I was having coffee with a friend of mine who works in the world of Artificial Intelligence, otherwise known as “AI”.  He is an engineer and inventor and views AI through lens of a world of possibility; an incredible advancement that will free humankind from tedious work and enable us to find greater meaning and purpose in our work and in our lives.  He then went on to tell me that he sits on several regional and national boards looking at the impact of AI in the business and non-profit community and he is often dismayed that instead of viewing AI with his enthusiasm, these board members approach the future with fear – fear of lost jobs and shifting industries and humans displaced and feeling lost in this new world order. 

So which view is right?

In many ways, we don’t know, but what we do know is that AI is causing disruption. For example, The McKinsey Global Institute  estimates that, compared with the Industrial Revolution of the late 18th and early 19th centuries, AI’s disruption of society is happening ten times faster and at 300 times the scale. That means roughly 3000 times the impact.

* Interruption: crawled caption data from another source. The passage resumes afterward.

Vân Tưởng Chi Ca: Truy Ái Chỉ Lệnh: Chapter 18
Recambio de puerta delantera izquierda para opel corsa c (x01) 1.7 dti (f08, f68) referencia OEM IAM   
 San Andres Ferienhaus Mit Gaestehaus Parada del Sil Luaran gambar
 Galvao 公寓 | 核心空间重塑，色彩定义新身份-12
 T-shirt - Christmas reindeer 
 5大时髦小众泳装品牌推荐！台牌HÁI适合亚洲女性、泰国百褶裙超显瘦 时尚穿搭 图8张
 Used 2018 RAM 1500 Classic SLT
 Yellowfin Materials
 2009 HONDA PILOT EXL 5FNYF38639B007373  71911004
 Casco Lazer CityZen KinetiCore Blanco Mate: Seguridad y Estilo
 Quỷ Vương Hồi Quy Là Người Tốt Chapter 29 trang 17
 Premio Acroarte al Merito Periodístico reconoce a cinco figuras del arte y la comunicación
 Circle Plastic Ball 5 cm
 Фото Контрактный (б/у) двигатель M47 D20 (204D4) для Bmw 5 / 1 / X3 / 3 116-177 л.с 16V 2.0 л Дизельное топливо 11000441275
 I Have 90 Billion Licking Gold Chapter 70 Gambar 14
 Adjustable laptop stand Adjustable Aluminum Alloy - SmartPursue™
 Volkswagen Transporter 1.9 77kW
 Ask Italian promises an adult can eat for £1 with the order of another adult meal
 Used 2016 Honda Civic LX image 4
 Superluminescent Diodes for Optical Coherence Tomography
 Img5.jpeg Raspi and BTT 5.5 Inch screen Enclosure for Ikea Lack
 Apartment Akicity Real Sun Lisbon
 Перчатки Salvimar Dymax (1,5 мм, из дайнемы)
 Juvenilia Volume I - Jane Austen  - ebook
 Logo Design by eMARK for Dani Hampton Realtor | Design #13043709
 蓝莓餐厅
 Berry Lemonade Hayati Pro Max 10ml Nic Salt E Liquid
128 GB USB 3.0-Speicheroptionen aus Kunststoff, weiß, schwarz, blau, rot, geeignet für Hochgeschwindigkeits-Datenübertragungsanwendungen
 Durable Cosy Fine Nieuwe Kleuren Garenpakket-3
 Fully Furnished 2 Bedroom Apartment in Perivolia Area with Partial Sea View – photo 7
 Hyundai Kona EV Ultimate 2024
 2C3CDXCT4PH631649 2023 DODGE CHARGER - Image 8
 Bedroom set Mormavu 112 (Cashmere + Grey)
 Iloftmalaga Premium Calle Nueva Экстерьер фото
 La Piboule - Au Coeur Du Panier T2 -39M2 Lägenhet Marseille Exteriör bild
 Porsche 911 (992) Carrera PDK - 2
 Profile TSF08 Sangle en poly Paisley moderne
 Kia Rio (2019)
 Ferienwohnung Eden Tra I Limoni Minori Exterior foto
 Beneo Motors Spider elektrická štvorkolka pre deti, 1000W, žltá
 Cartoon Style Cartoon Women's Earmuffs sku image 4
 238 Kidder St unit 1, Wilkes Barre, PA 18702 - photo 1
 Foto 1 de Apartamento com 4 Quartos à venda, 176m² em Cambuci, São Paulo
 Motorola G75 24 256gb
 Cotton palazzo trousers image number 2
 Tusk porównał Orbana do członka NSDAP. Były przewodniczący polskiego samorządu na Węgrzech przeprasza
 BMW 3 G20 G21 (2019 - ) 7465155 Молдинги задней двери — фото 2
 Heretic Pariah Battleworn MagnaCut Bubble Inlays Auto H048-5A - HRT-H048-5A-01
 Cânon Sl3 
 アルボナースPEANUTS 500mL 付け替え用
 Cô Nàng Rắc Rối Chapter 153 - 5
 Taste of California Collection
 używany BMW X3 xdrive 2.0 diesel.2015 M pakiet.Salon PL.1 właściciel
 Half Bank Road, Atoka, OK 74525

And the HR field will not be spared. I was working with a business recently that was implementing a new HR system.  As part of the software demonstration, we were shown chatbots that can handle benefits enrollment and a predictive analytics feature that analyzed the data collected from different employee touchpoints with the system (i.e. attendance, performance feedback, leave usage, salary, training) and from this data suggested the likelihood that an employee was going to leave an organization, and what motivators might encourage them to stay. I watched the faces of several of the HR team members fall and heard one whisper to another, “well, there goes my job.”

Chatbots, predictive analytics, visual recognition, machine learning – and this is just the beginning. Artificial Intelligence will change the way we work and will likely shift the type of work we do away from algorithmic tasks (following a set of instructions down a defined path that leads to a single conclusion) towards more heuristic tasks (no instructions or defined path; requires creativity and experimentation with possibilities to complete the task). From this viewpoint, work will shift away from transactional tasks to focus on work that values those attributes that are inherently human – creativity, spontaneity, empathy, compassion, love. As my scientist friend said to me “only a human can read a face and instantly know the right thing to say; we will be free from transactions to focus on relationships.”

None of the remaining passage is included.